• EXERCISE DIRECTIONS: Beginning with the line that contains "Husa din spate", copy each subsequent line of the data below through the last one, including both ends but not the pictures.

(EXTRACTED ENTRIES Opens)

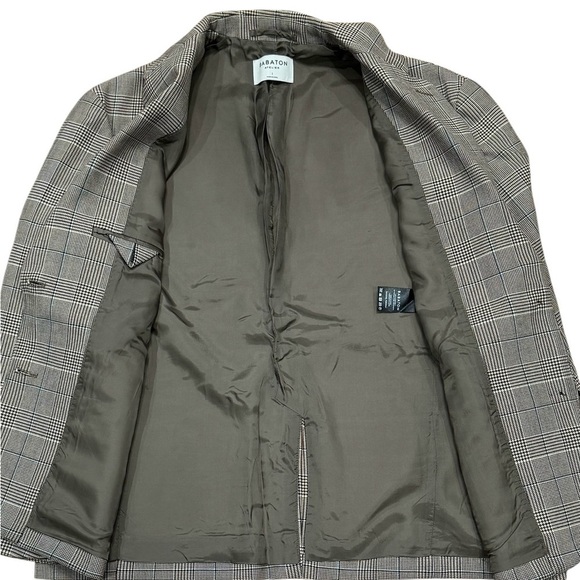 Babaton Atelier Sz 1 / XS Blazer Oversized Beige Plaid Academia Classic Preppy - Picture 5 of 8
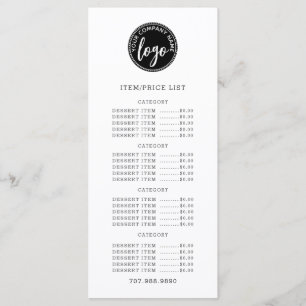 Liste der Preise für Logos Menükarte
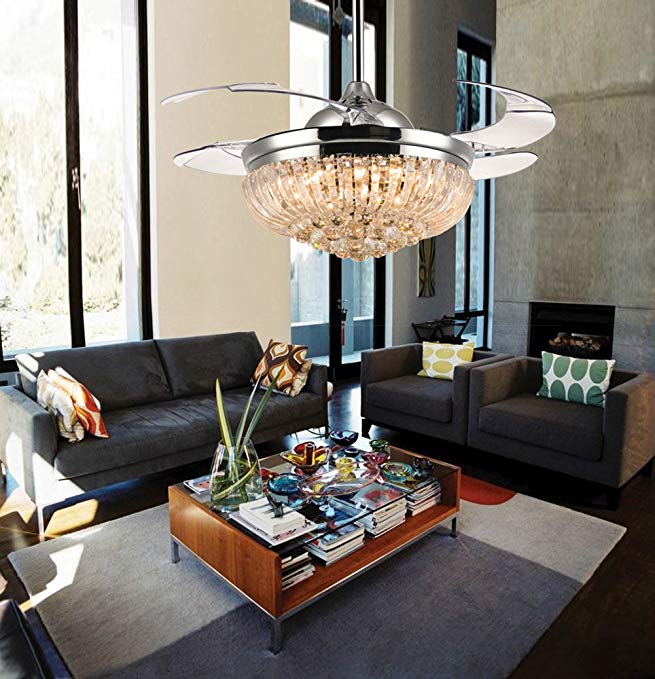 Siljoy Dimmable Ceiling Fans with Lights and Remote 3 Color Changing Retractable Crystal Invisible Chandelier Fan-Chrome 36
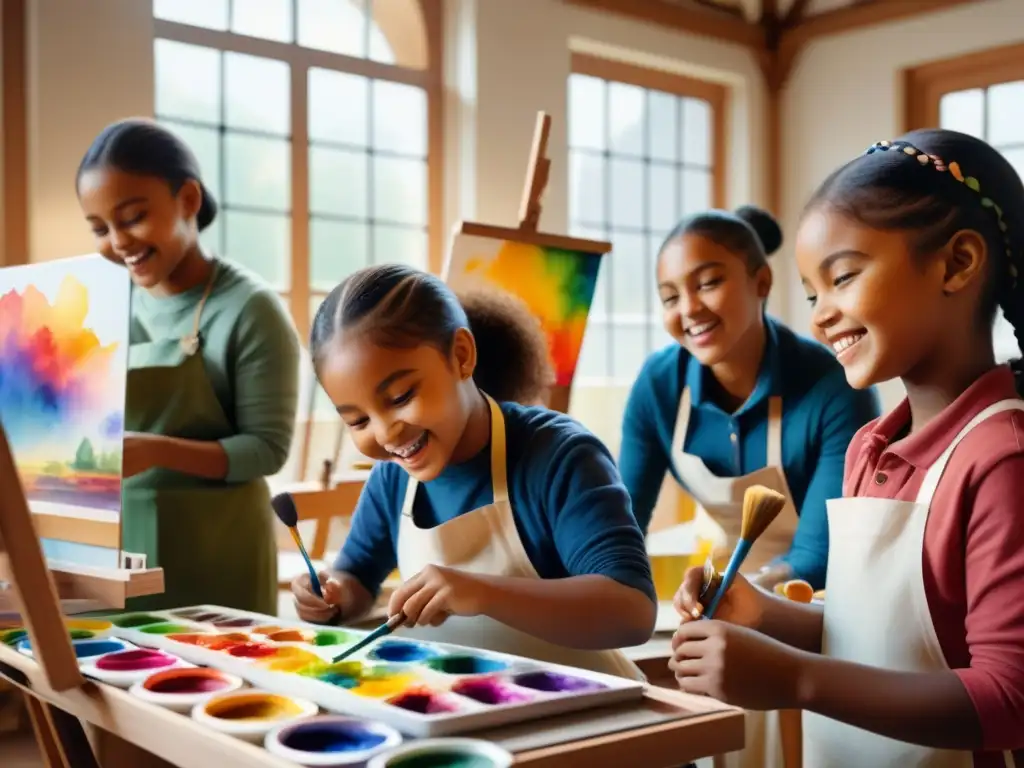 Alegre taller de arte comunitario con niños riendo y pintando juntos, rodeados de color y creatividad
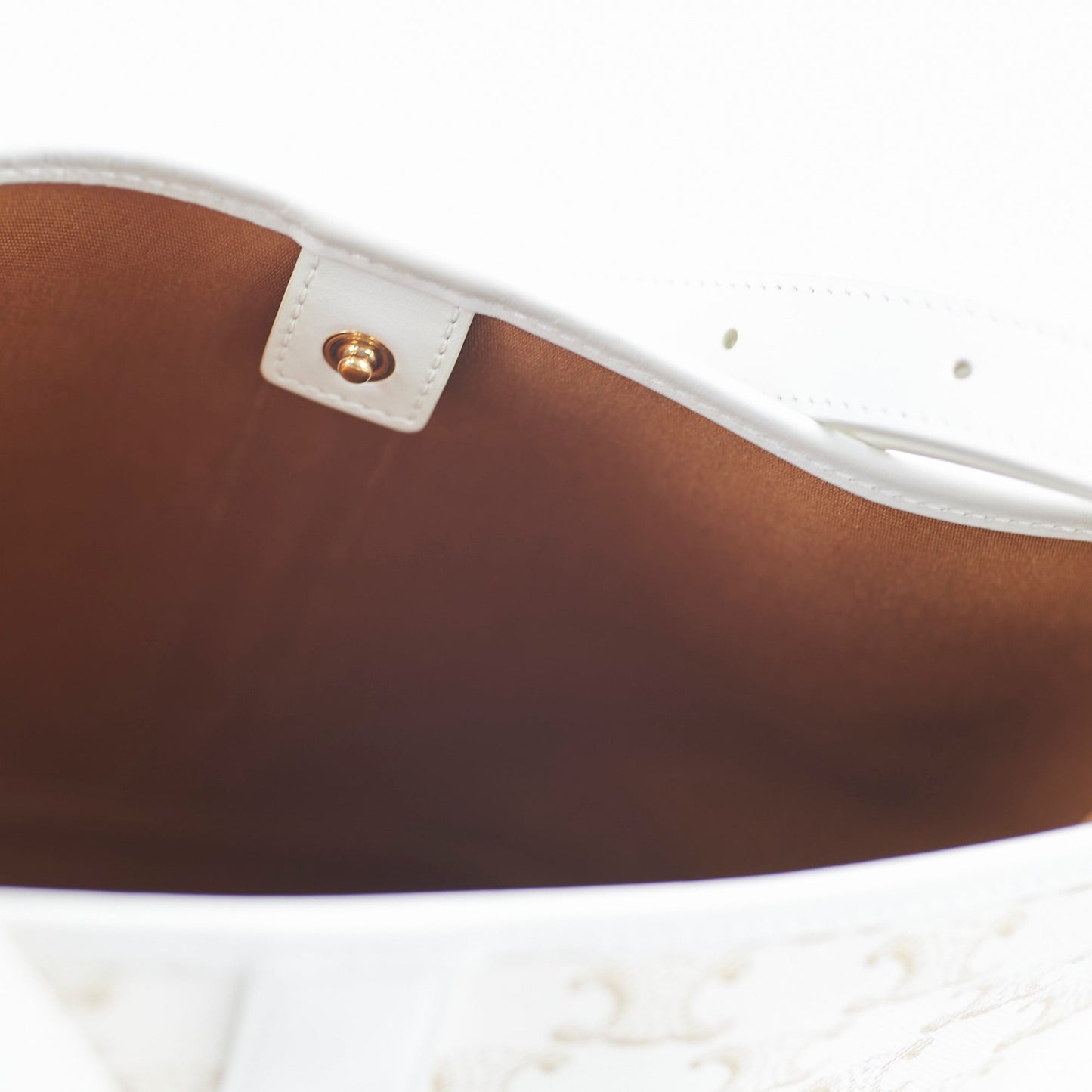 Celine Small Bucket Triomphe White Bag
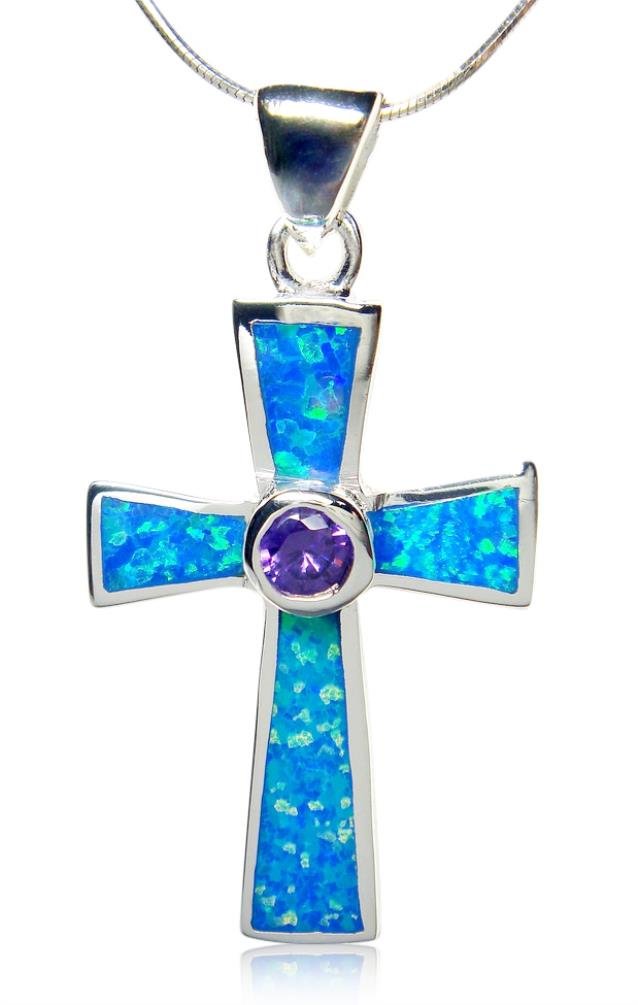 925 Sterling Silver Cross Pendant Hawaiian Blue Opal & CZ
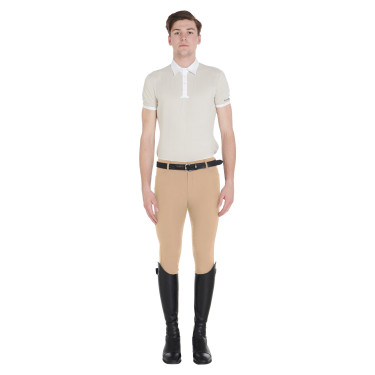 Eng anliegende Herrenreithose mit Vollbesatz Aria Equestro Weihrauch Beige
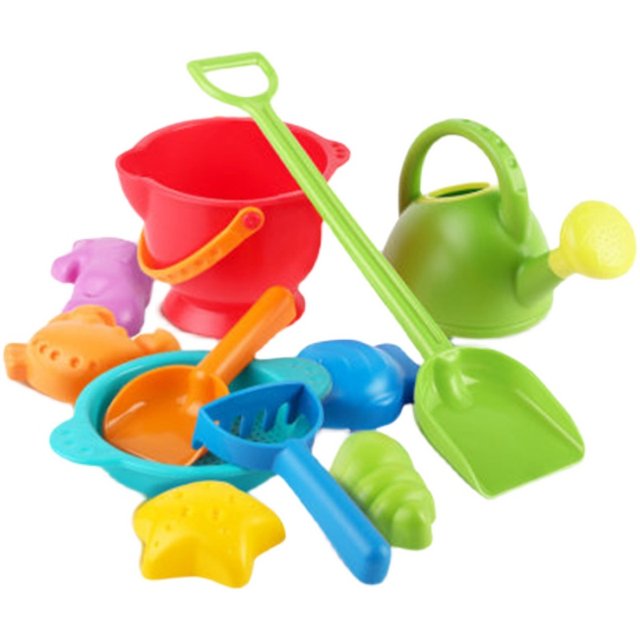 Hape Children's beach set toy sand digging tool thickened plastic shovel bucket small bucket kettle model 1-6 ປີ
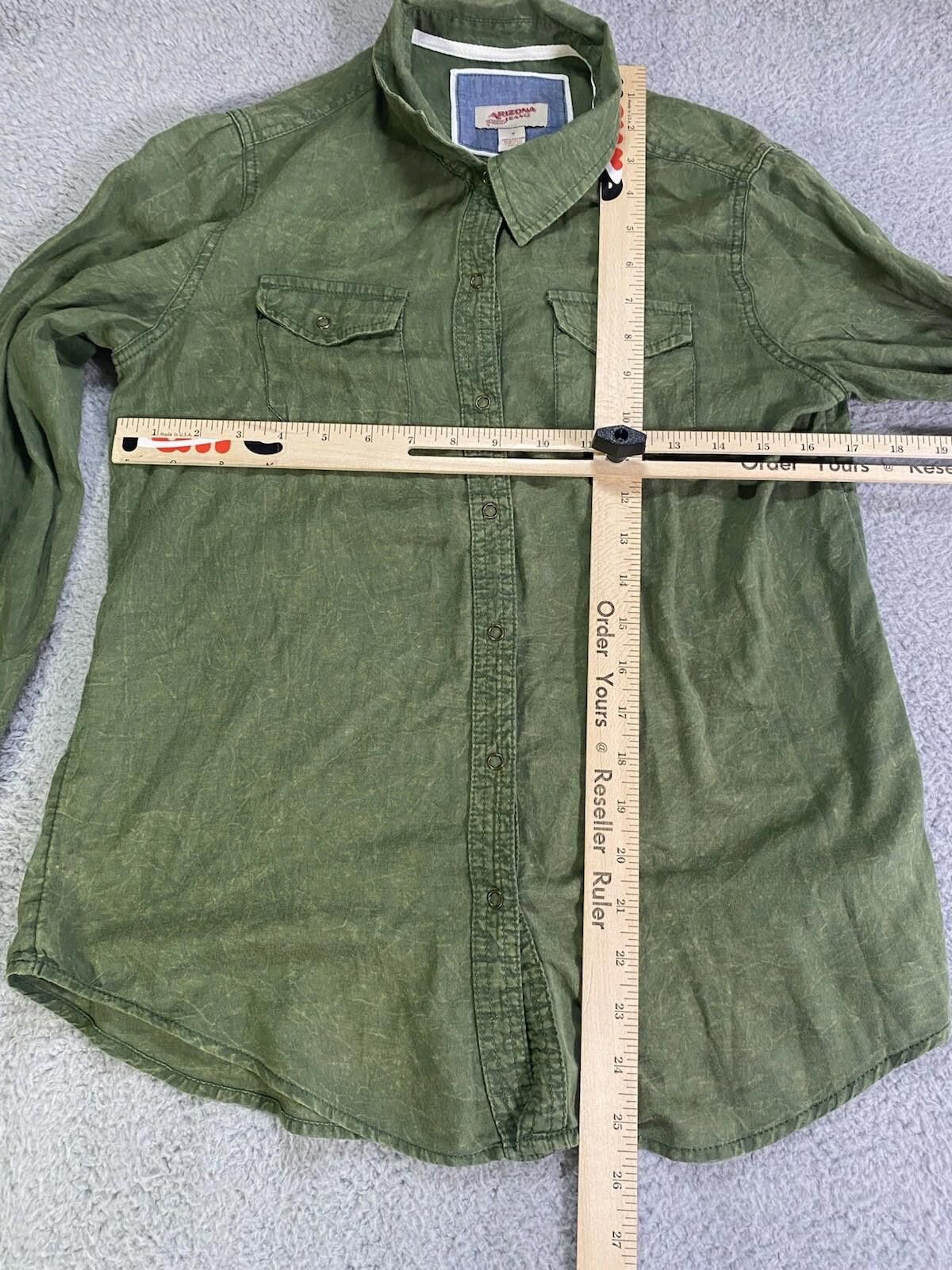 Arizona Jean Co. Arizona Jeans Mens Small Button Down Small Green LS Cotton Size US S / EU 44-46 / 1 - 3 Thumbnail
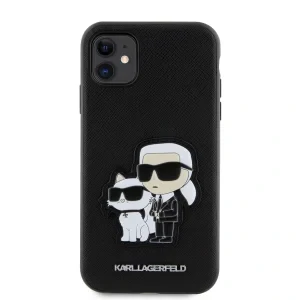 Husa din spate Karl Lagerfeld PU Saffiano Karl and Choupette NFT pentru iPhone 11 Negru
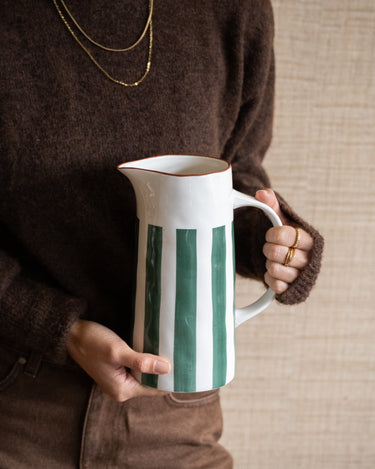 Jug Mykonos Green Stripe - Things I Like Things I Love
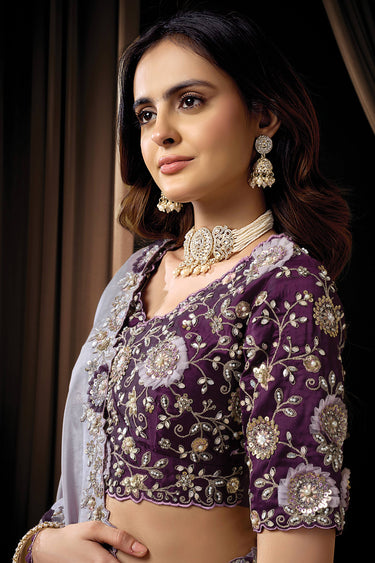 Silk Fabric Embroidered Lavender Saree For Function Wear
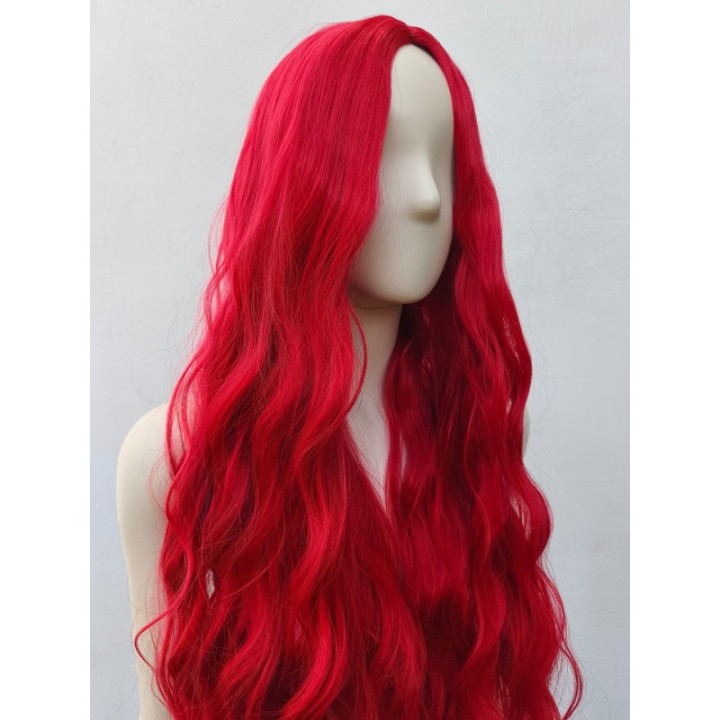 Peruka czerwona długa loki fale bez grzywki kręcone włosy PK057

(EXTRACTED ENTRIES Closes)

• SOLVED EXERCISE:
 Husa din spate Karl Lagerfeld PU Saffiano Karl and Choupette NFT pentru iPhone 11 Negru
 Jug Mykonos Green Stripe - Things I Like Things I Love
 Silk Fabric Embroidered Lavender Saree For Function Wear
 Peruka czerwona długa loki fale bez grzywki kręcone włosy PK057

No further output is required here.